PALERMO – Le disposizioni contenute nel nuovo decreto firmato ieri da Giuseppe Conte hanno trasformato l’Italia in un’unica ‘zona rossa’, ma la vita quotidiana delle comunità del Palermitano che ospitano minorenni in difficoltà è rimasta sospesa nell’incertezza. Lo denunciano alcuni gestori delle oltre cento strutture del Palermitano, che tutelano e si prendono cura di circa 800 ospiti in totale. Le misure nazionali di contrasto al Coronavirus sono state recepite dal Comune di Palermo, ma nonostante una comunicazione scritta dell’assessore alla Cittadinanza solidale, Giuseppe Mattina, ci sarebbero ancora molte ombre sui comportamenti da adottare.
In una comunicazione ufficiale rivolta anche agli enti del terzo settore, l’assessore impartisce la limitazione degli “accessi non necessari alle case di riposo, alle comunità, ai gruppi appartamento e luoghi assimilabili”, specificando che invece “gli altri servizi non indispensabili vanno sospesi e riattivati a fine emergenza o rimodulati previa autorizzazione da inviare al servizio competente”. Fra i responsabili delle comunità però aleggiano dubbi su quali dei servizi resi possano essere considerati accessori o meno.
Roberta Anello ha fatto presente al Tribunale dei minori di Palermo la sua decisione di sospendere le visite dei genitori in una delle comunità che gestisce. “Ho ritenuto giusto farlo per il bene degli ospiti – dice, spiegando che a condividere la sua posizione sono una decina di altri gestori – basandomi anche sulle interruzioni degli incontri negli spazi neutri pubblici di Palermo e Bagheria, dove avvengono quegli incontri genitori-figli che per varie ragioni è necessario monitorare. Mi sono semplicemente comportata come gli enti pubblici che svolgono questo servizio. L’aspetto grave però – aggiunge – è che le comunità non hanno una direttiva specifica da seguire, pur parlando di bambini piccoli che una volta a settimana vedono i genitori come stabilito dal giudice, correndogli incontro, abbracciandoli, cercando contatti fisici. Così ogni comunità può agire in maniera diversa”.
Per ovviare come possibile alla limitazione, nella comunità sono state incrementate le telefonate fra i piccoli ospiti e i loro genitori, “anche ogni giorno anziché una volta a settimana, sperando che le mamme e i papà comprendano che è solo una tutela nei confronti dei bambini.
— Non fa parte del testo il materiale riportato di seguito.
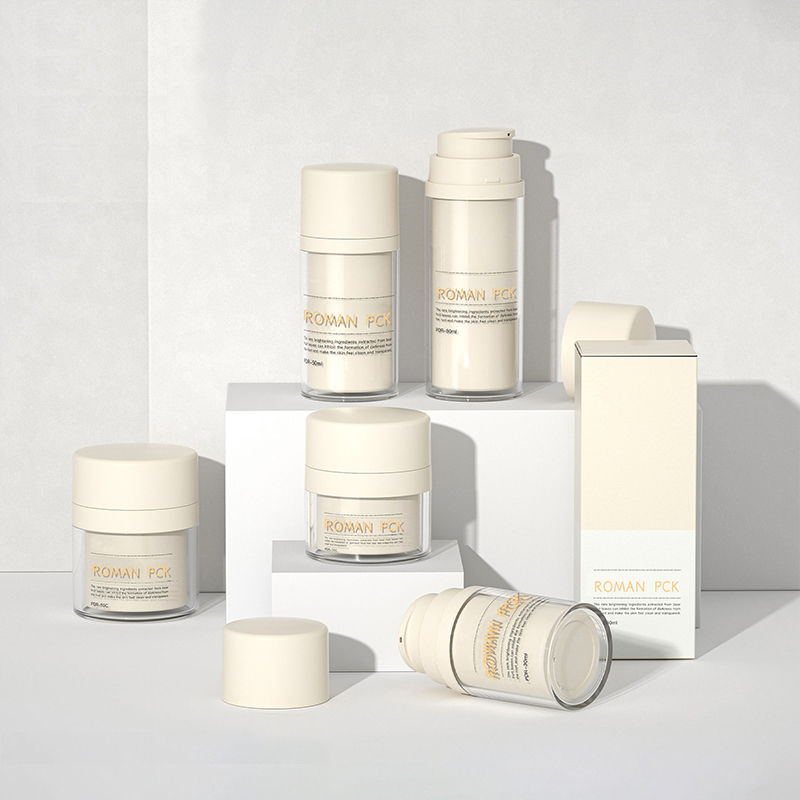 Bezvzduchová láhev 30 ml 50 ml 50 ml 100 ml Akrylová bezvzduchová láhev péče o pleť Bezvzduchová pumpička láhev na kosmetické opalovací krémy pro péči o pleť podkladové mléko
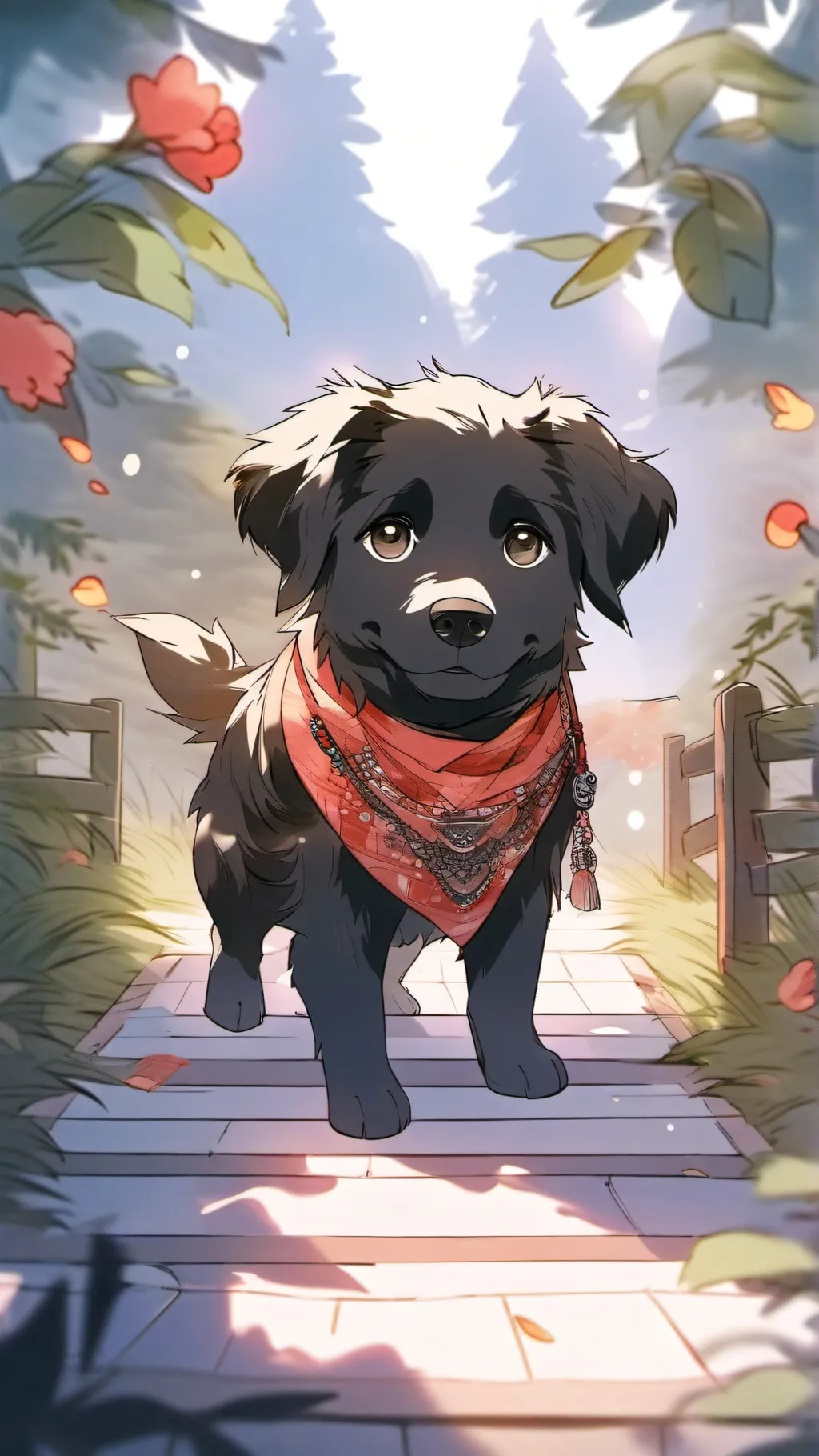 ai character: raven my dog background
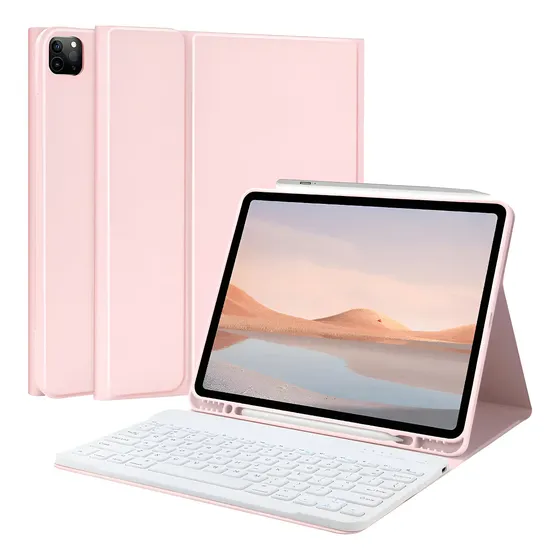 Carcasa iPad 9 Con Teclado Bluetooth Portátil Para 10.2\u002F10.5 Color Rosa Pálido | Cuotas sin interés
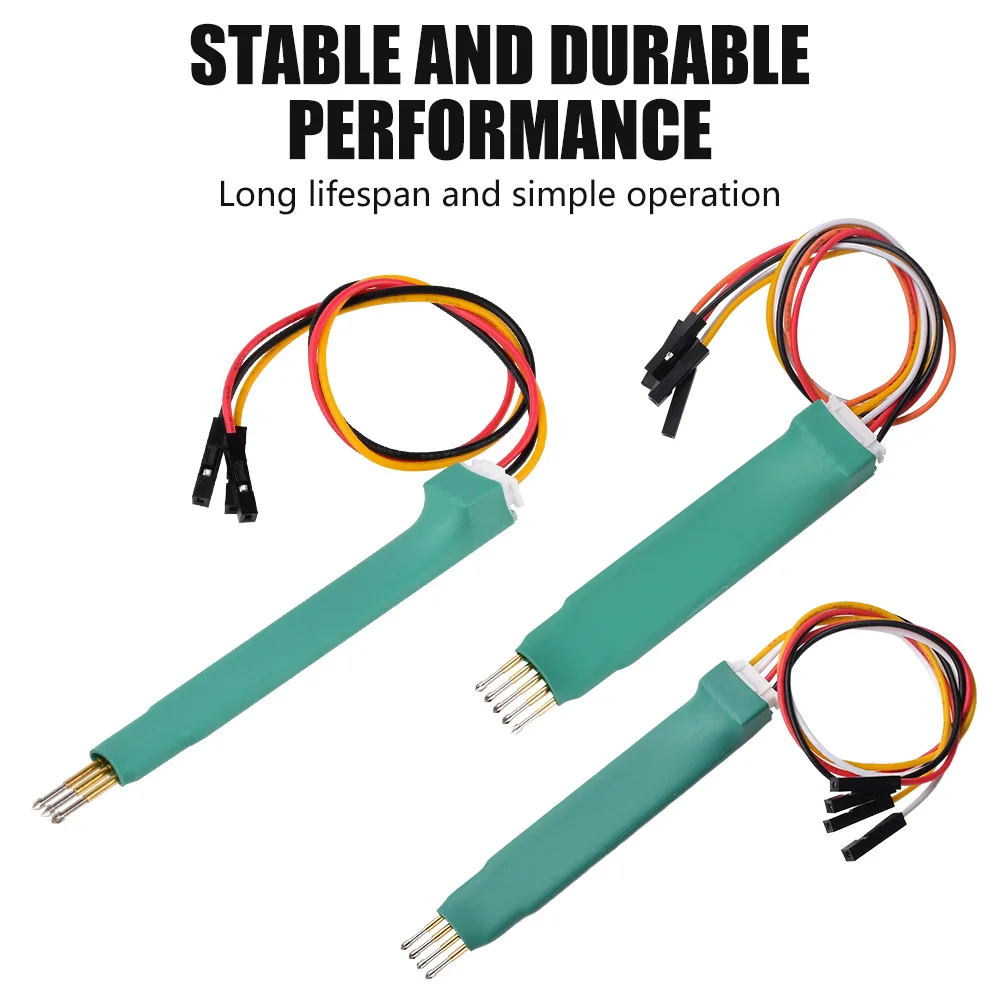 2.54mm Spring Probe Test Cable XH2.54 Connector Spring Pin Test Probe Micro Chip Programming Needle Cable for STC STM32 STM8
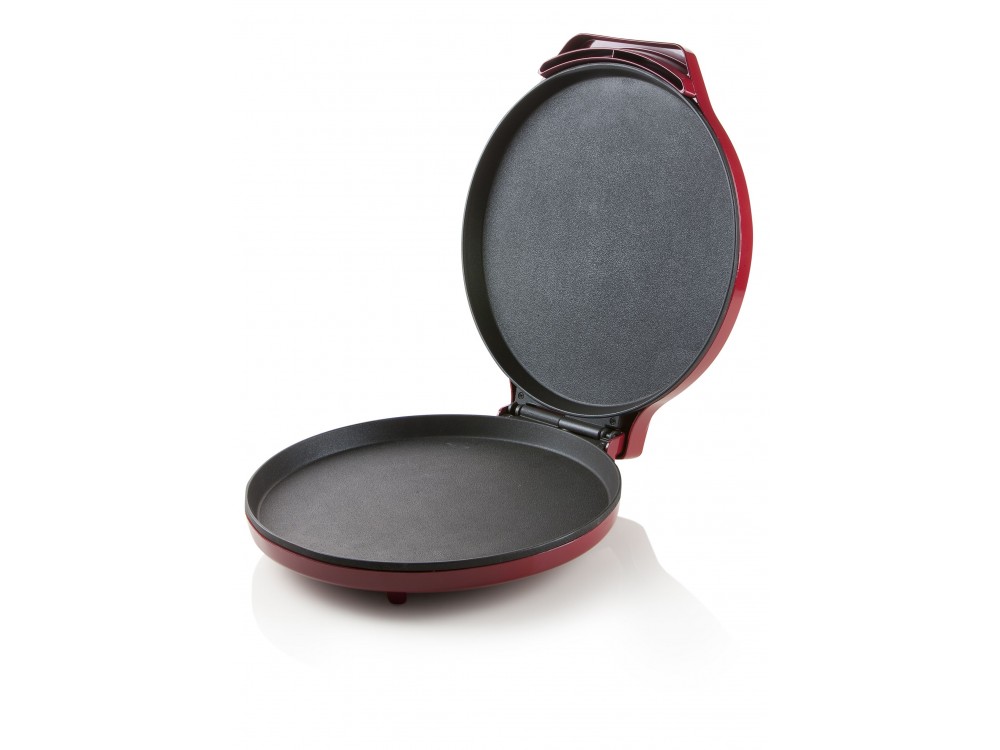 DOMO My Express Pizza Maker, Cast Iron Pizza Maker, Red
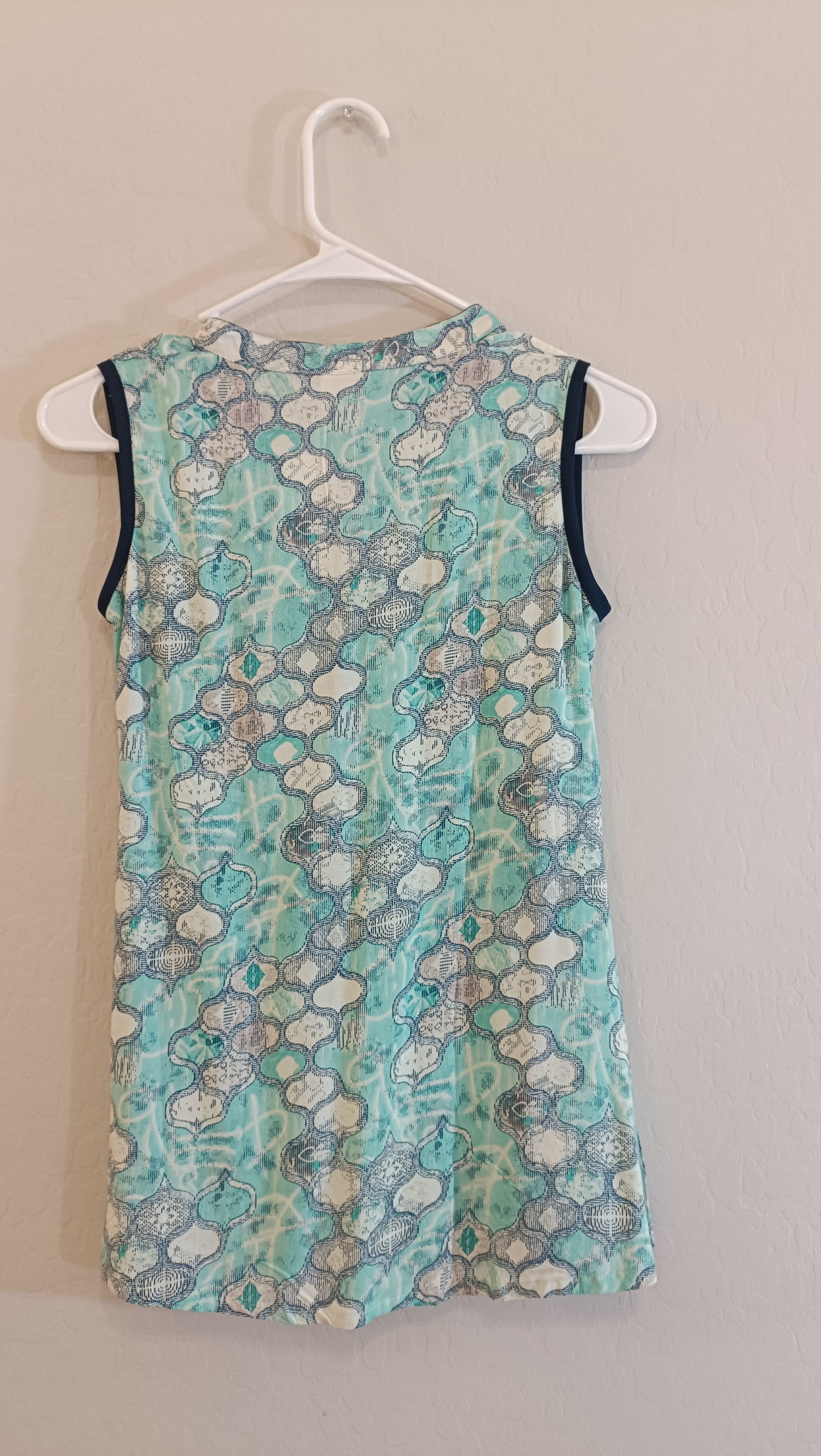 Beautiful Blue And Green Colored  Short Kurti For Girls Near Me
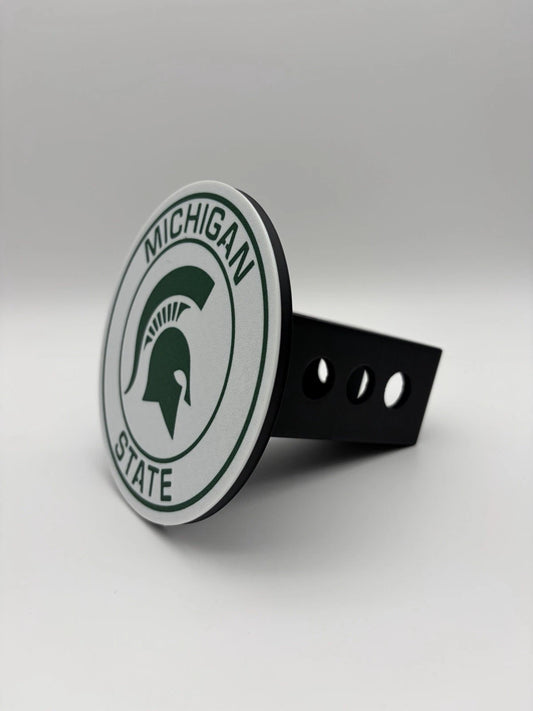 Michigan State University Tow Hitch Receiver Cover White – Fits 2” Towing Truck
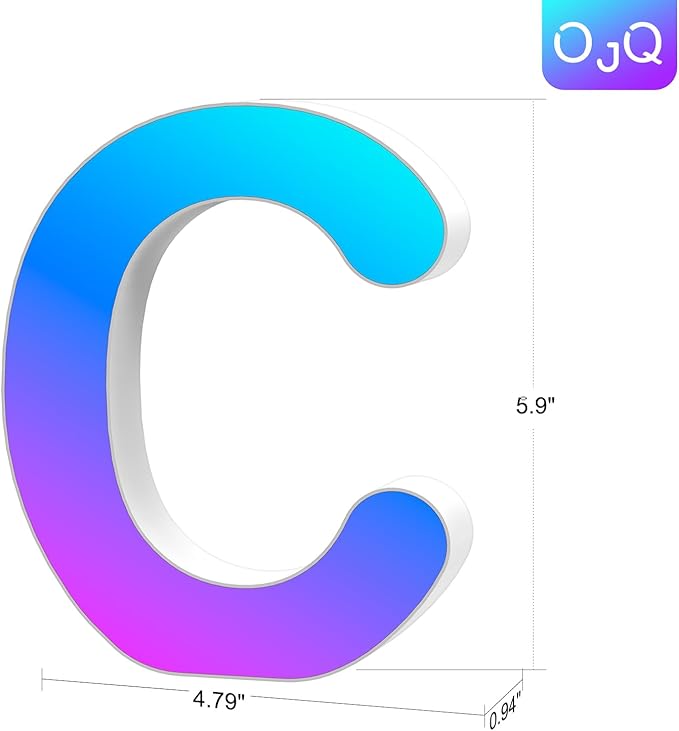 Light Up Letters LED Letter - Marquee Letters Room Decor Alphabet Letter Music Sync Color Change Colorful - Home Improvement Lamp for Bedroom Gifts for Him - Teen Girls Gifts Party Home Wall Decor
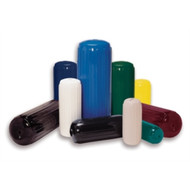 Taylor 71034 Big Inflatable Vinyl Fender 12"x34" Boat 50'-60' Black MD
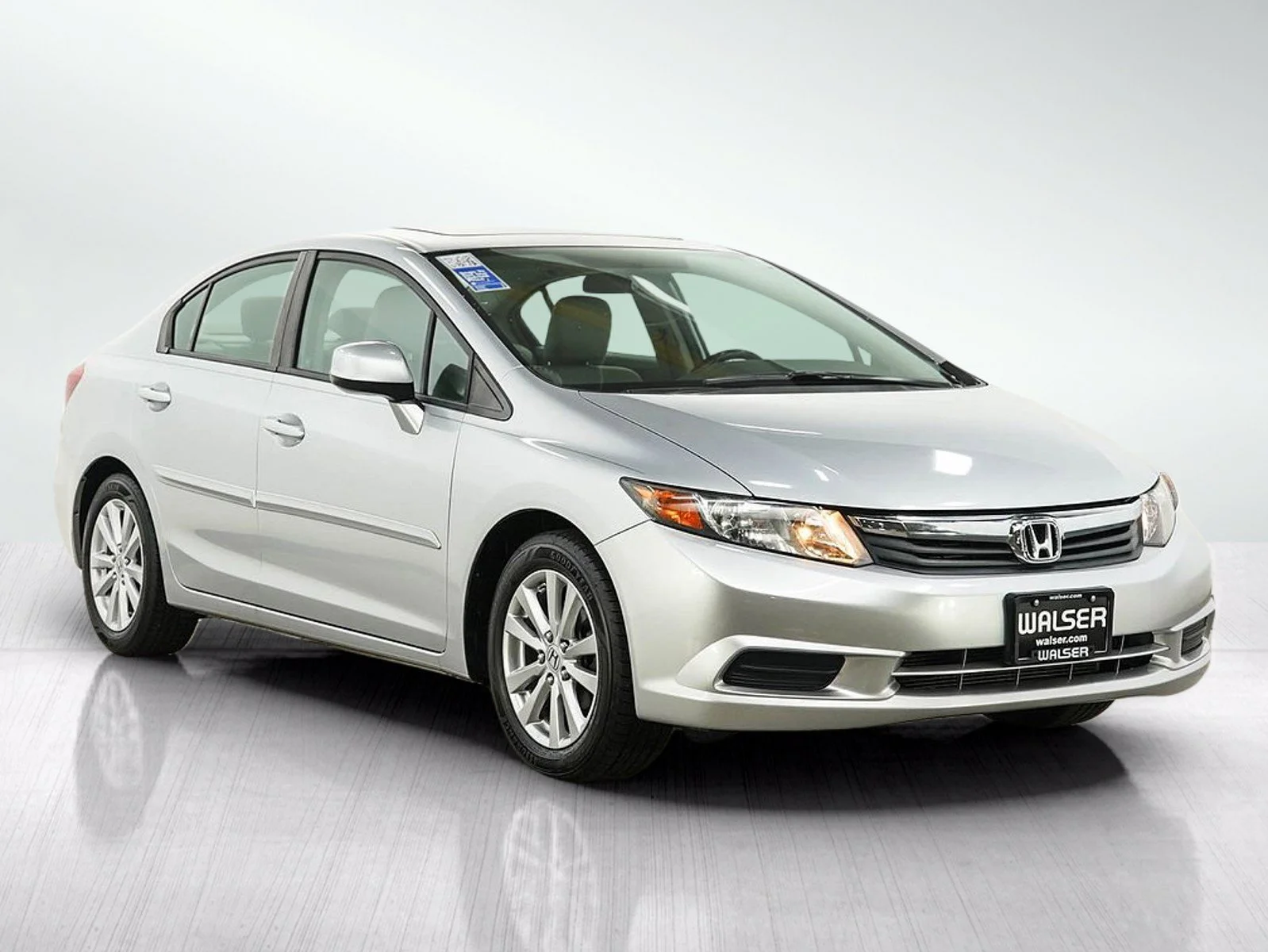 Used 2012 Alabaster Silver Metallic Honda EX-L SEDAN image 7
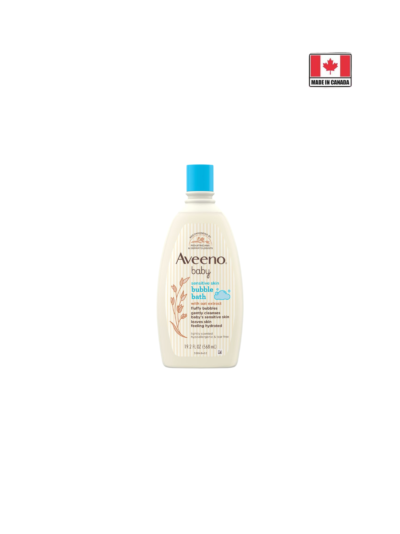 Aveeno Baby Sensitive Skin Bubble Bath With Oat Extract 568ml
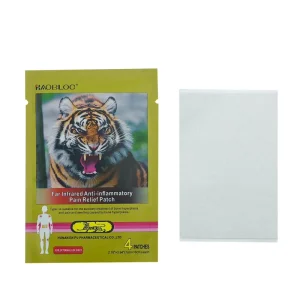EP 104 Extra Strength Transdermal FIR Chinese Plaster Analgesic Patch Pure Cotton Material 7cm*10cm Yellow ISO Class II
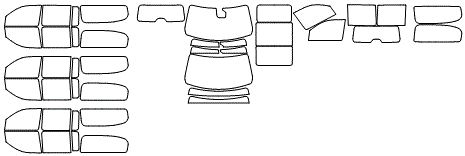 Tint Kit pattern for the 2026 Jeep Grand Wagoneer L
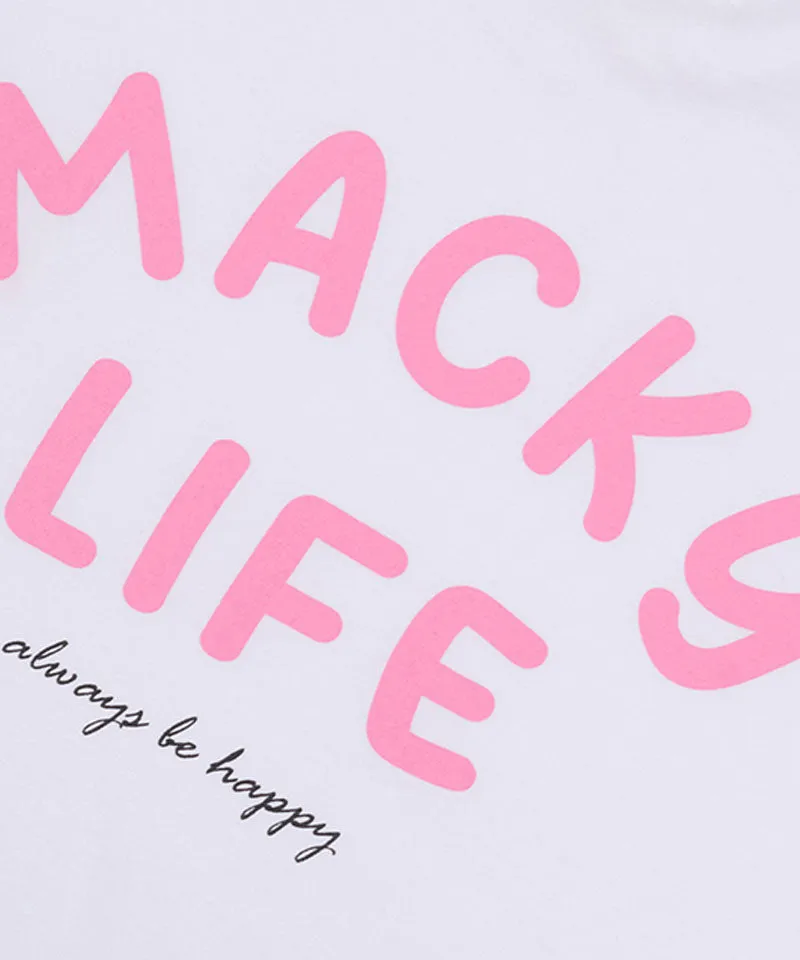 MACKY Golf: Life Patch T-Shirt - White-Pink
Come si fa a far rispettare la distanza di sicurezza a bambini da zero a cinque anni?”, chiede Anello, esprimendo perplessità anche su compiti e responsabilità degli operatori: “Nelle comunità in cui sono presenti le mamme, l’operatore dà indicazioni; dove le mamme non ci sono, i bambini da zero a cinque anni ovviamente devono essere seguiti in tutto, dalla doccia, al dar loro da mangiare, al cantargli la ninna nanna. Abbiamo guanti e mascherine – precisa – e ci atteniamo alle misure del decreto seguendo tragitti precisi e solo necessari, ma materialmente al momento non abbiamo altri strumenti. Sicuramente fra questi non c’è la possibilità di non andare in comunità, che per noi è necessità e lavoro – sottolinea – soprattutto perché tutte le attività al di fuori sono interrotte e i nostri ospiti hanno solo noi”.
“Abbiamo fatto la scelta di informare i genitori della sospensione di visite e prelievi in via del tutto precauzionale – afferma Loredana Carieri – non sapendo di un eventuale contagio in corso, ma non tutti si sono trovati d’accordo e ci è stato dato un preavviso di eventuali azioni legali contro di noi. Cosa possiamo fare? Consegniamo i figli ai genitori o no? E una volta che devono tornare in comunità, come facciamo a riaccoglierli senza sapere dove sono stati, che hanno fatto o chi hanno incontrato? Il Tribunale non si pronuncia – ribadisce – ma noi non possiamo che demandare tutto proprio al Tribunale. Nel frattempo però stiamo dando brutti segnali agli ospiti, che non sanno quali direttive seguire e non capiscono fino in fondo perché sono così importanti, e mettiamo anche a repentaglio la salute del personale. Come se non fosse già abbastanza, per contenere l’emergenza Coronavirus, dover respingere richieste di abbracci da persone giovanissime e fragili”.